Published online Aug 16, 2013. doi: 10.12998/wjcc.v1.i5.176
Revised: April 22, 2013
Accepted: May 7, 2013
Published online: August 16, 2013
Processing time: 143 Days and 5.4 Hours
A 73-year-old Japanese woman was hospitalized for detailed examination of nausea, diarrhea and loss of appetite. Atypical erosion in the ileum was found on endoscopy. Biopsy of this erosion showed proliferation of cells containing numerous Russell bodies. Differential diagnoses considered were Russell body enteritis, crystal-storing histiocytosis, Mott cell tumor, immunoproliferative small intestinal disease (IPSID) and mucosa-associated lymphoid tissue (MALT) lymphoma.

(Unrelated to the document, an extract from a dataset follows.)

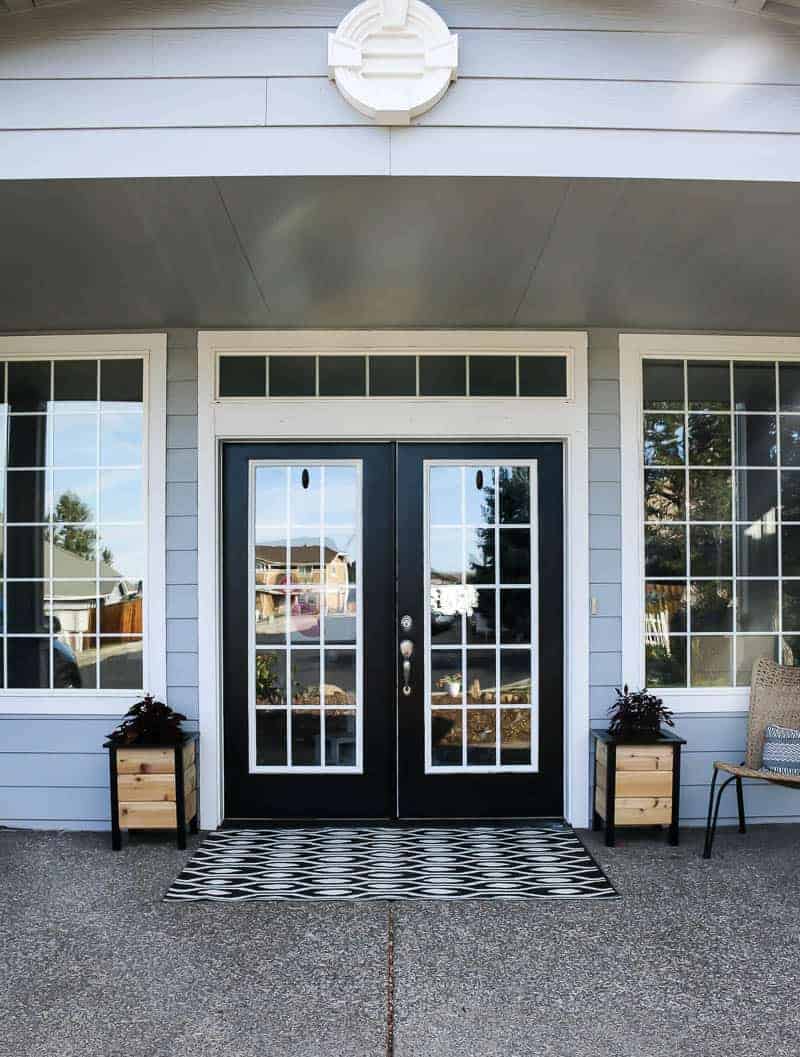 A look at the front porch of our home. Black-painted double doors framed by two DIY planter boxes made with natural cedar wood and black painted wood frames.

The cells containing prominent Russell bodies showed diffuse positivity for CD79a and CD138, but negative results for CD20, CD3, UCHL-1, CD38 and CD68. Russell bodies were diffusely positive for lambda light chain, but negative for kappa light chain, and immunoglobulin (Ig) G, IgA and IgM. Based on these findings, Russell body enteritis, crystal-storing histiocytosis and IPSID were ruled out. As the tumor formed no mass lesions and was restricted to the gastrointestinal tract, MALT lymphoma with extensive plasma cell differentiation was finally diagnosed. The patient showed an unexpectedly aggressive clinical course. The number of atypical lymphocytes in peripheral blood gradually increased and T-prolymphocytic leukemia (T-PLL) emerged. The patient died of T-PLL 7 mo after admission. Autopsy was not permitted.

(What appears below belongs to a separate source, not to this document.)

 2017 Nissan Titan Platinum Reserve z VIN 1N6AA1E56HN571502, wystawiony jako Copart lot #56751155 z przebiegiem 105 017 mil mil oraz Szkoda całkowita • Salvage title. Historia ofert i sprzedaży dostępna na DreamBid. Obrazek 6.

Core tip: This report describes an extremely rare case of B-cell neoplasm, comprising mucosa-associated lymphoid tissue (MALT) lymphoma of the gastrointestinal tract showing extensive plasma cell differentiation with prominent Russell bodies. The pathological diagnostic strategy is also discussed. The patient died of sequentially emerging T-prolymphocytic leukemia (T-PLL). Concomitant T-PLL and MALT lymphoma has not been reported previously.